→ **REQUIRED WORK**: Could you copy the data that follows exactly as written, but drop the pictures?

----

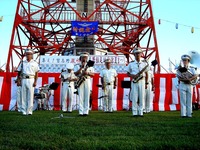 20140802_船橋市_習志野駐屯地納涼夏まつり_1700_DSC03143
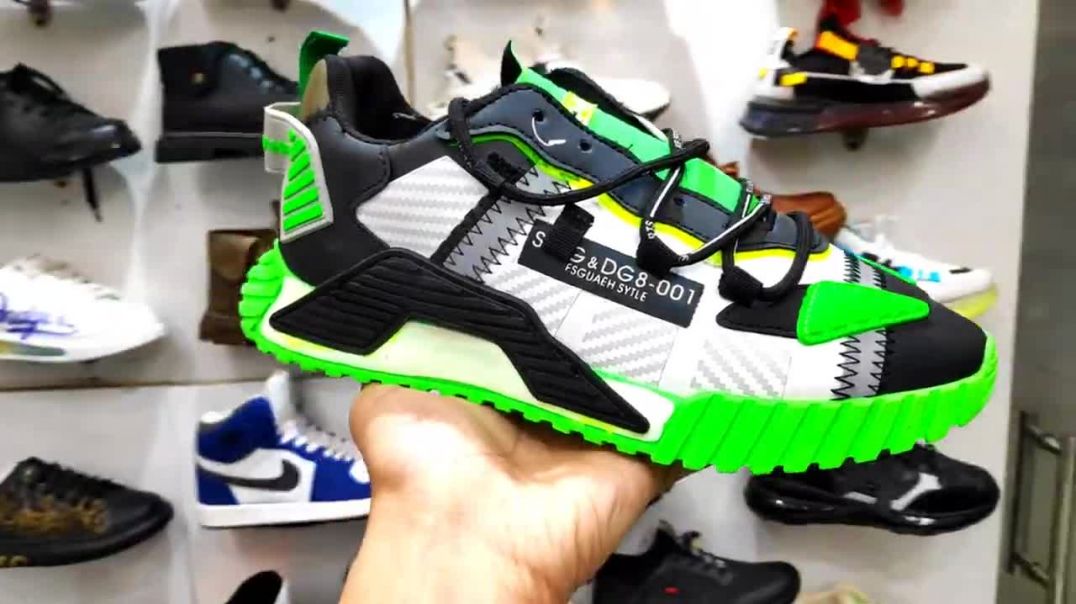 Branded Imported Shoes In Best Rate _ First Copy Shoes In Delhi _ Delhi Shoes Wholesale Market _ (1)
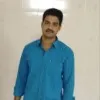 kk babu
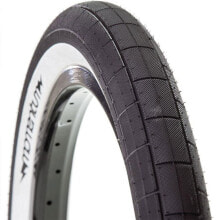 DEMOLITION Momentum 20´´ x 2.35 rigid urban tyre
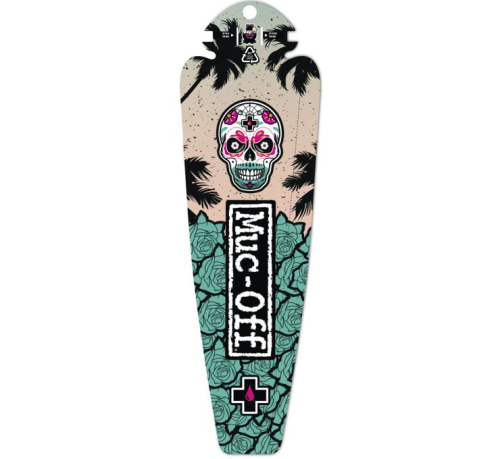 Muc-Off - Muc-Off Rear Guard - Day Of The Shred - 20578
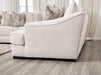 moorpark-sectional-off-white-7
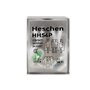 3A 220VAC/24VDC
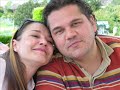 Laura Binz Photo 8
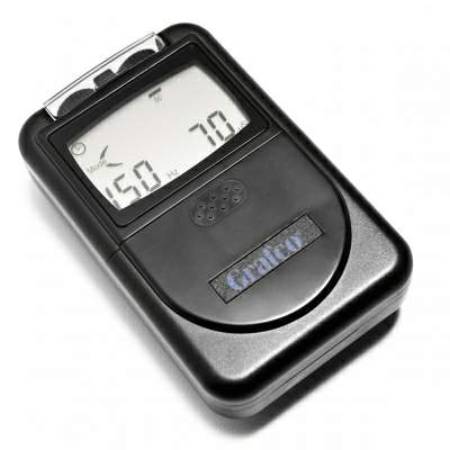 Graham-Field Transcutaneous Electrical Nerve Stimulator - GF-TX5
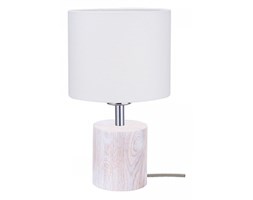 Spot Light lampa stołowa Trongo 7081432 RABAT -15% w koszyku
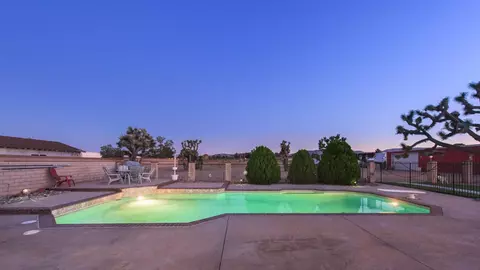 1760 Avenue L4 W, Lancaster, CA 93534 photo 6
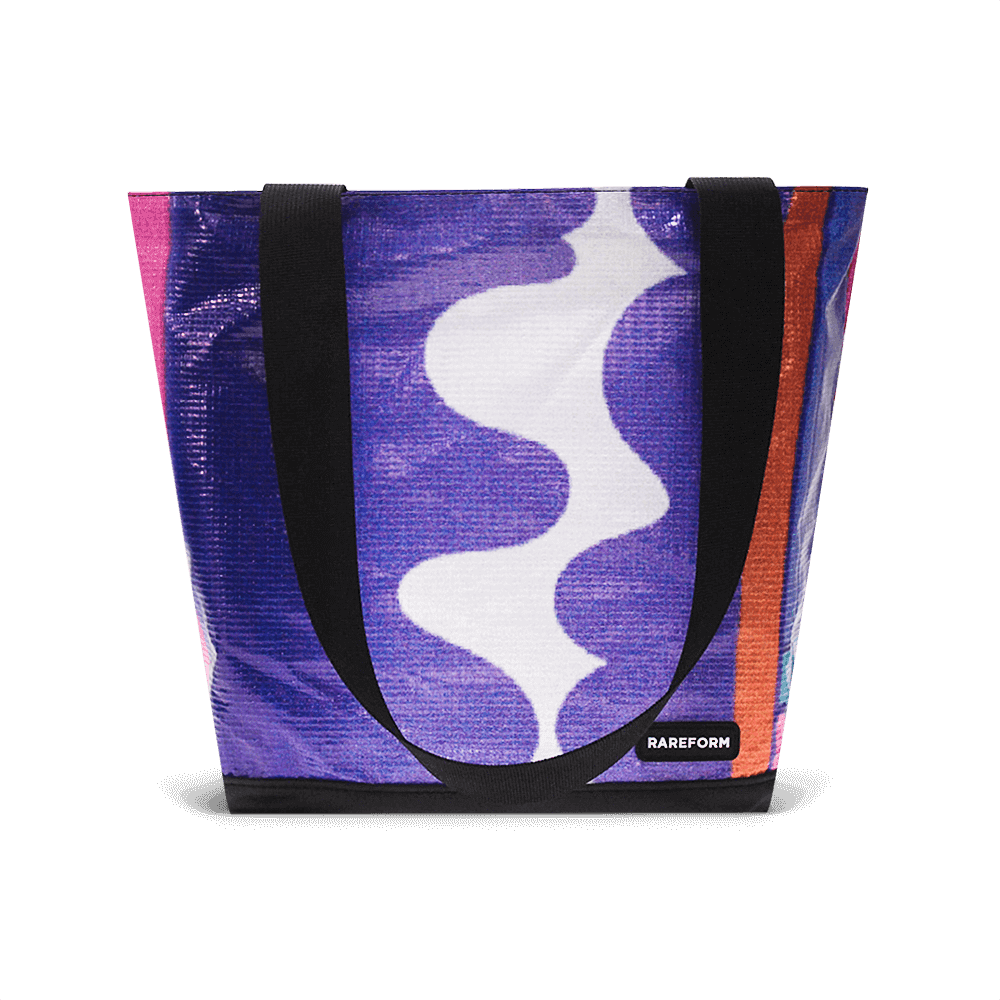 Mini Blake Tote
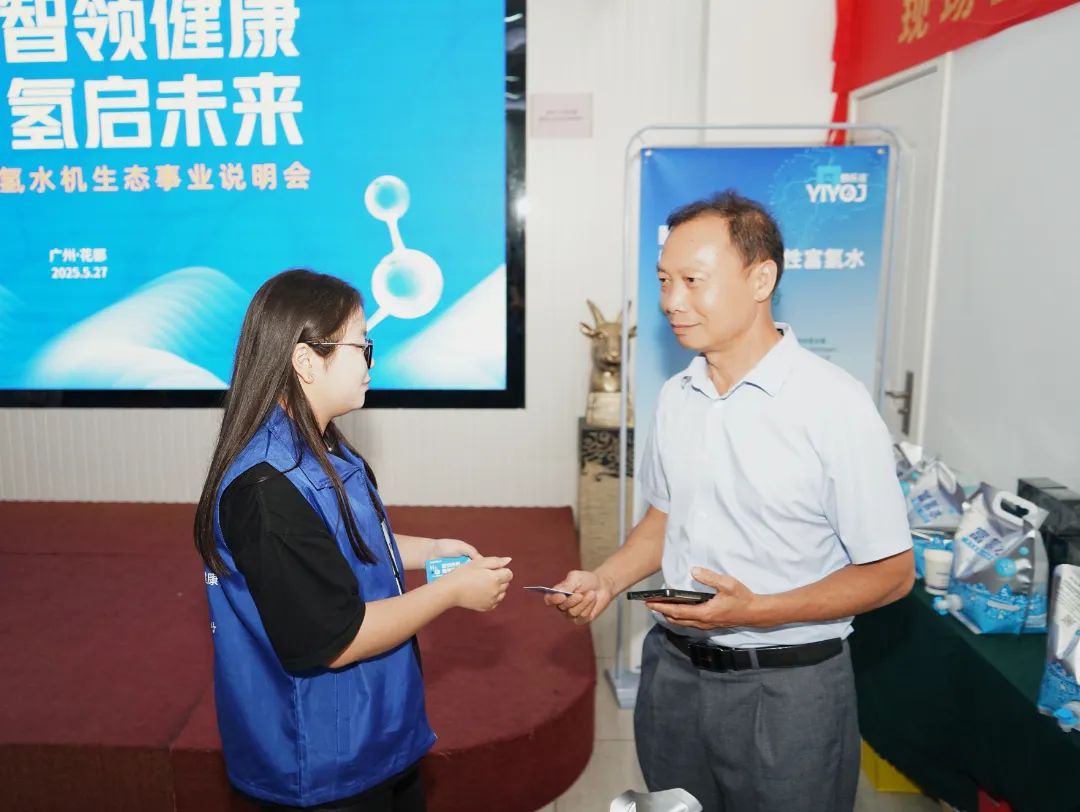 6686体育-全网最全最有态度的体育赛事直播平台_6686sports 6686体育-全网最全最有态度的体育赛事直播平台_6686sports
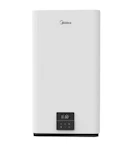 ŪDENS SILDĪTĀJS MIDEA SALUTE FLEX 80L WIFI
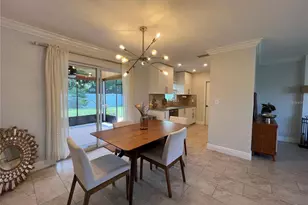 3748 Manatee Dr SE, Saint Petersburg, FL 33705 - Photo 7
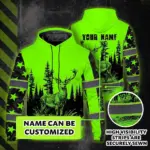 hi-vis-hoodie-reflective-black-and-green-neon-hunting-custom-name-1a1eb.webp
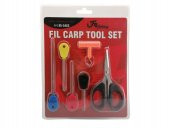 FİL CARP TOOLS SET 95-5482 - 1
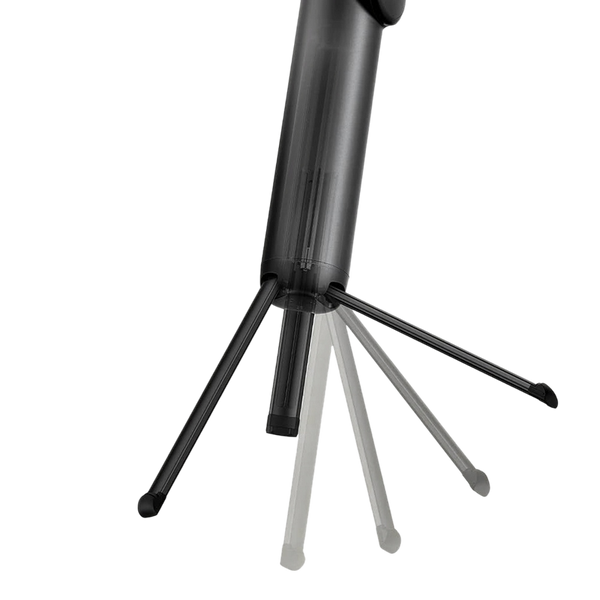 Xiaomi Selfie Stick Tripod Mini 240810 фото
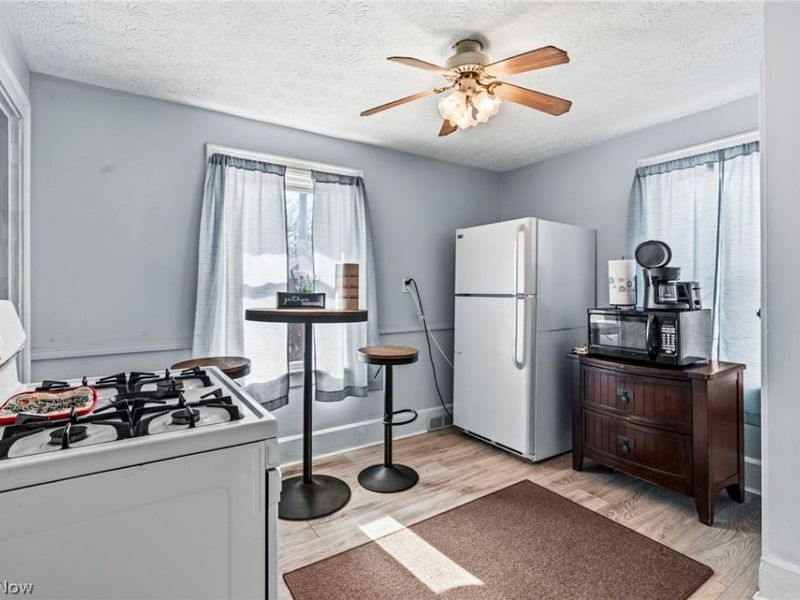 2811 5th Street NW, Canton, OH 44708 Photo 5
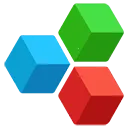 OfficeSuitepro(�ƶ��칫Ӧ��)v15.2.55213 �ֻ���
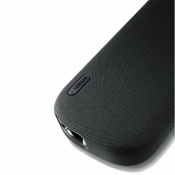 Саундбар Yamaha YAS-109 Black 3 – techzone.com.ua Саундбар Yamaha YAS-109 Black 3 – techzone.com.ua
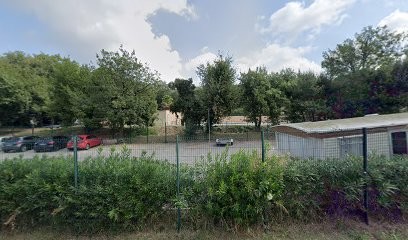 Delavis Luxury Consult, Agence Immobilière à Gassin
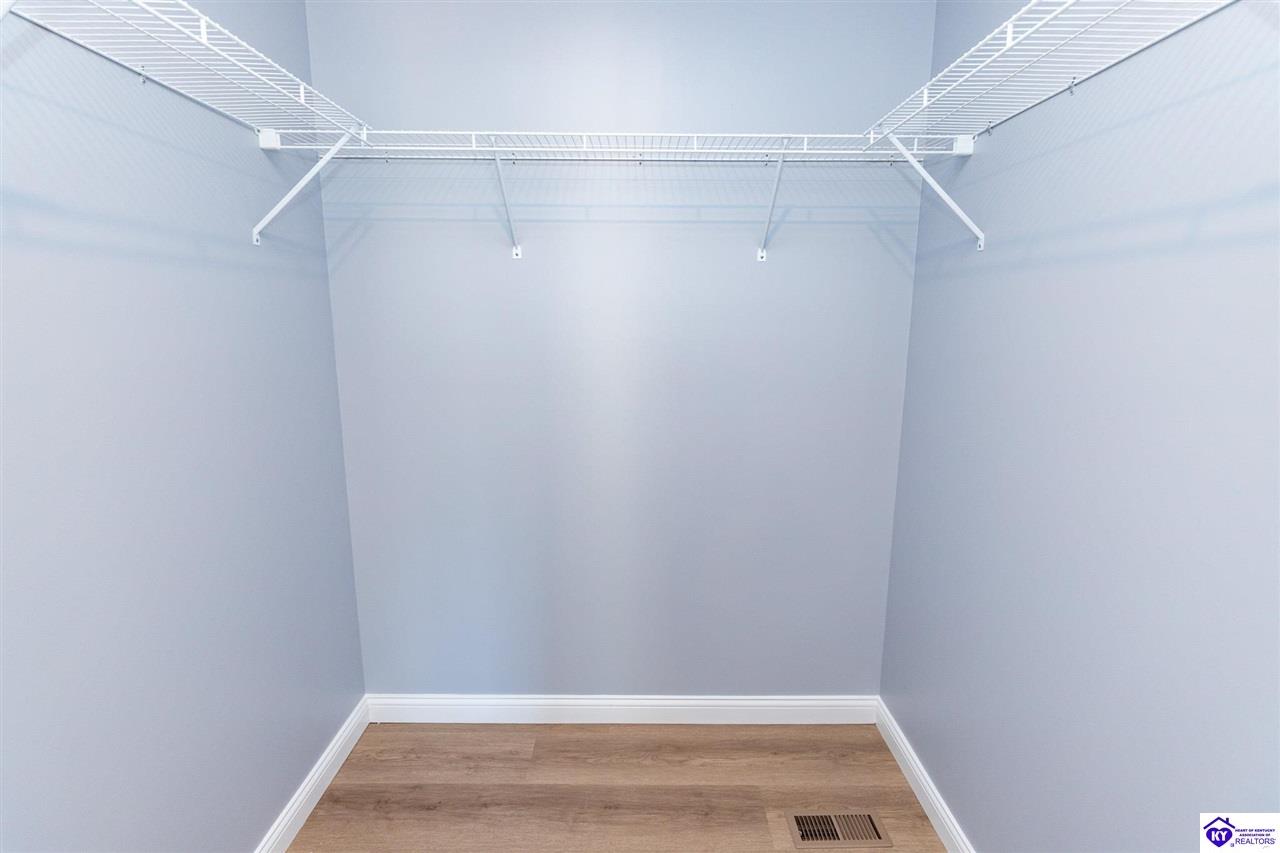 1007 Burns Road Property Photo 20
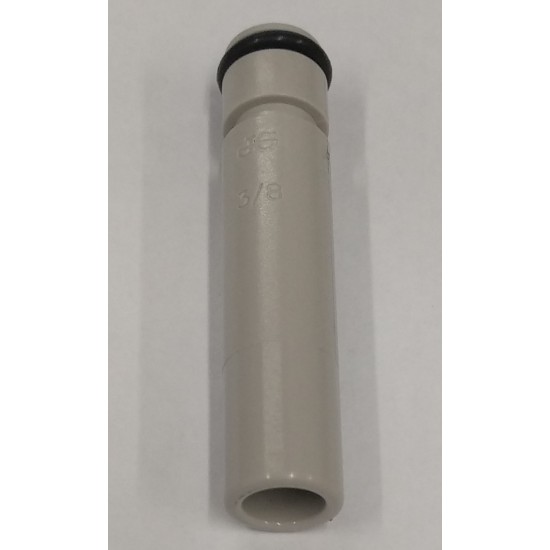 J.G.NC -730-02, 04.EA0068.001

----

→ **WRITTEN ANSWER**:
 20140802_船橋市_習志野駐屯地納涼夏まつり_1700_DSC03143
 Branded Imported Shoes In Best Rate _ First Copy Shoes In Delhi _ Delhi Shoes Wholesale Market _ (1)
 kk babu
 DEMOLITION Momentum 20´´ x 2.35 rigid urban tyre
 Muc-Off - Muc-Off Rear Guard - Day Of The Shred - 20578
 moorpark-sectional-off-white-7
 3A 220VAC/24VDC
 Laura Binz Photo 8
 Graham-Field Transcutaneous Electrical Nerve Stimulator - GF-TX5
 Spot Light lampa stołowa Trongo 7081432 RABAT -15% w koszyku
 1760 Avenue L4 W, Lancaster, CA 93534 photo 6
 Mini Blake Tote
 6686体育-全网最全最有态度的体育赛事直播平台_6686sports 6686体育-全网最全最有态度的体育赛事直播平台_6686sports
 ŪDENS SILDĪTĀJS MIDEA SALUTE FLEX 80L WIFI
 3748 Manatee Dr SE, Saint Petersburg, FL 33705 - Photo 7
 hi-vis-hoodie-reflective-black-and-green-neon-hunting-custom-name-1a1eb.webp
 FİL CARP TOOLS SET 95-5482 - 1
 Xiaomi Selfie Stick Tripod Mini 240810 фото
 2811 5th Street NW, Canton, OH 44708 Photo 5
 OfficeSuitepro(�ƶ��칫Ӧ��)v15.2.55213 �ֻ���
 Саундбар Yamaha YAS-109 Black 3 – techzone.com.ua Саундбар Yamaha YAS-109 Black 3 – techzone.com.ua
 Delavis Luxury Consult, Agence Immobilière à Gassin
 1007 Burns Road Property Photo 20
 J.G.NC -730-02, 04.EA0068.001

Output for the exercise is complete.